Infectious surveillance, prophylaxis, and supportive care

Before the start of conditioning, serology for herpesviruses (HSV, CMV, EBV, HHV-6, varicella zoster virus (VZV)), as well as respiratory viruses (influenzavirus A and B, parainfluenza and respiratory syncytial virus (RSV), adenovirus (ADV)), parvovirus B19, HIV, and hepatitis viruses, was assessed in all patients. Tests routinely performed during inpatient treatment included weekly monitoring of viral load in the blood (plasma), stool, urine, and oral lavage by quantitative real-time PCR specific for HSV, EBV, CMV, and HHV-6 and tests for RSV antigen (in oral lavage), ADV antigen (in oral lavage, urine, and stool), and polyomavirus JC and BK DNA (in urine). In the outpatient setting after haplo-HSCT (typically after day +30), PCR tests for CMV and EBV were routinely carried out every 7 or 14 days at least until day +100.
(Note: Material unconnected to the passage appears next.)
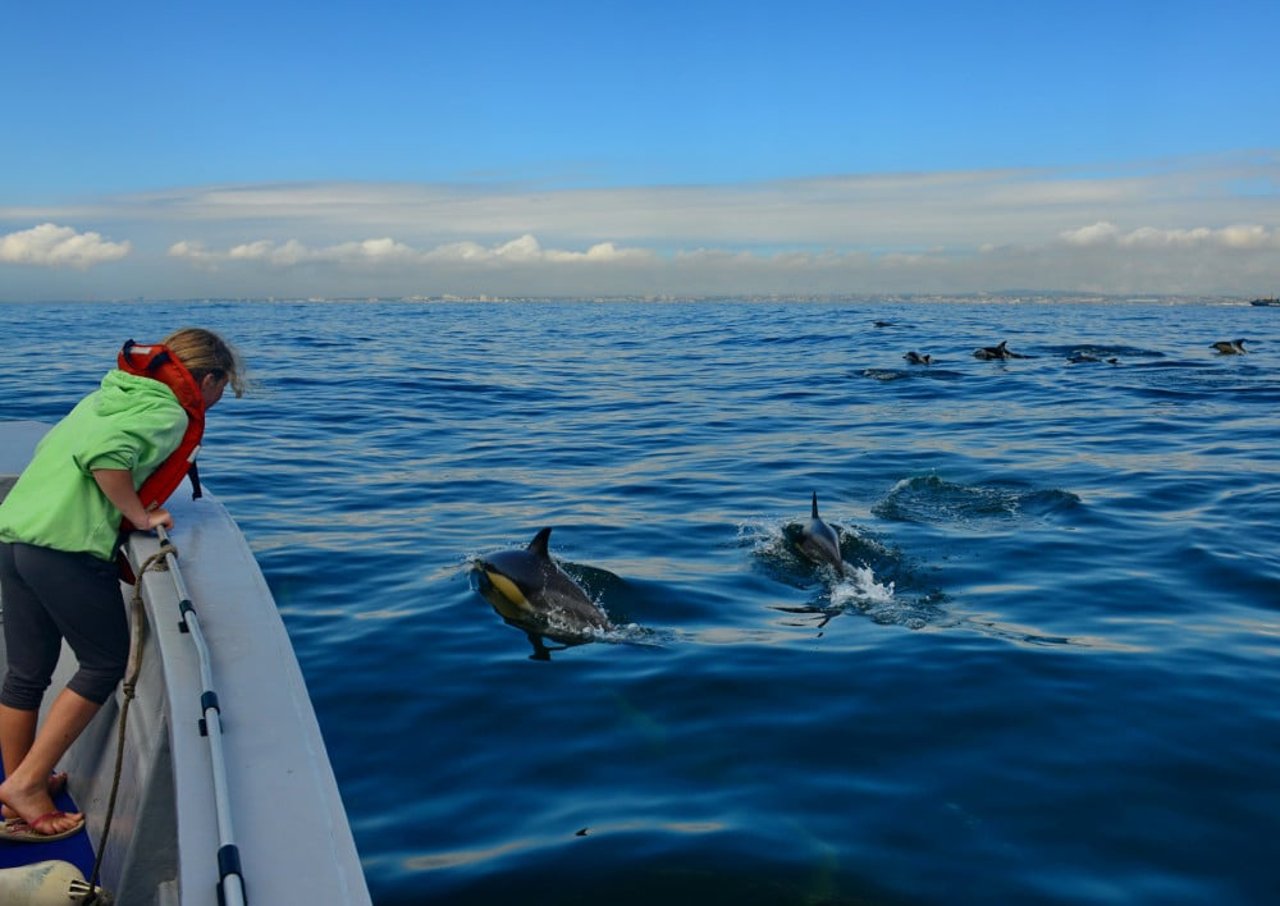 A woman is watching wild dolphins from a boat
Routine prophylactic protective procedures for all patients included single unit isolation with air filters (HEPA), personnel wearing gloves and face masks, and prohibition of access of any persons presenting symptoms of upper or lower respiratory tract infection. All patients received standard antimicrobiological prophylaxis with acyclovir and trimethoprim-sulfamethoxazole. Acyclovir was administered at a daily dose of 4 × 400 mg orally (p.o.) or 3 × 500 mg intravenously (IV) over a period of at least 3–6 months after haplo-HSCT, or until discontinuation of immunosuppression and a CD4+ T-cell count >200/μl. CMV or EBV prophylaxis or high-dose intravenous immunoglobulins (IVIGs) were not administered on a routine basis. Patients were treated preemptively for CMV antigenemia or CMV DNA-emia (ganciclovir, foscarnet) and for EBV DNA-emia (cidofovir, rituximab).

Preparative regimen

In the cTCR/TCD setting, conditioning consisted of total body irradiation (TBI) or busulfan, an infusion of irradiated donor peripheral blood leukocytes (buffy coat), antithymocyte globulin (rabbit ATG 20 mg/kg daily for 5 days), and cyclophosphamide (50 mg/kg daily for 4 days). The graft source was bone marrow given on day 0 followed on day +6 by CD6-depleted G-CSF-mobilized peripheral blood stem cells (PBSCs) [19]. GvHD prophylaxis consisted of short-course methotrexate (15 mg/m2 on day +1 and 10 mg/m2 on days +3 and +7) and cyclosporine A, which was discontinued on day +100 in the absence of GvHD.

In the TCR/PTCY setting, conditioning consisted of fludarabine and cyclophosphamide plus either TBI or melphalan, or treosulfan, alone or in combination with etoposide [20, 21]. The graft source was unstimulated bone marrow or unmanipulated G-CSF-mobilized PBSCs on day 0; GvHD prophylaxis consisted of high-dose PTCY (50 mg/kg on days +3 and +4), followed by tacrolimus and mycophenolate mofetil (MMF), each starting at day +5 after transplantation [17]. MMF was stopped on day +35, and tacrolimus was discontinued before day +180 after transplantation.

Definitions

Virus infection was defined as isolation of the virus or detection of viral proteins or nucleic acid in any body fluid or tissue specimen. Asymptomatic virus infection was defined as detection of any virus in the absence of related clinical symptoms or organ involvement, or both. Accordingly, symptomatic virus infection was defined by detection of virus and the presence of correlated symptoms. With the exception of CMV, virus disease was defined by virus detection in combination with corresponding symptoms and organ involvement shown by biopsy (culture, histopathologic testing, immune-histochemical analysis, and PCR-based techniques). CMV viremia, antigenemia, and end-organ disease were defined as published [22]. Otherwise, viremia was defined by detection of virus by PCR technique in peripheral blood samples.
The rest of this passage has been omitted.